### What the task asks
All of the data below is to be output without alteration.

### Recorded data
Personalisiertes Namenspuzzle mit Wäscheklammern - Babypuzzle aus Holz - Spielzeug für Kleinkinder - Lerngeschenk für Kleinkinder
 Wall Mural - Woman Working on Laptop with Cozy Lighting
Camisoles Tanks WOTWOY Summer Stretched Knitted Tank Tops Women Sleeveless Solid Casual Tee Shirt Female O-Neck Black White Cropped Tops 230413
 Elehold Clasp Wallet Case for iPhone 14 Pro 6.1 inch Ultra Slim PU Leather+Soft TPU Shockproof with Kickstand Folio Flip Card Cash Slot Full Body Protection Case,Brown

### Result of this exercise
Personalisiertes Namenspuzzle mit Wäscheklammern - Babypuzzle aus Holz - Spielzeug für Kleinkinder - Lerngeschenk für Kleinkinder
 Wall Mural - Woman Working on Laptop with Cozy Lighting
Camisoles Tanks WOTWOY Summer Stretched Knitted Tank Tops Women Sleeveless Solid Casual Tee Shirt Female O-Neck Black White Cropped Tops 230413
 Elehold Clasp Wallet Case for iPhone 14 Pro 6.1 inch Ultra Slim PU Leather+Soft TPU Shockproof with Kickstand Folio Flip Card Cash Slot Full Body Protection Case,Brown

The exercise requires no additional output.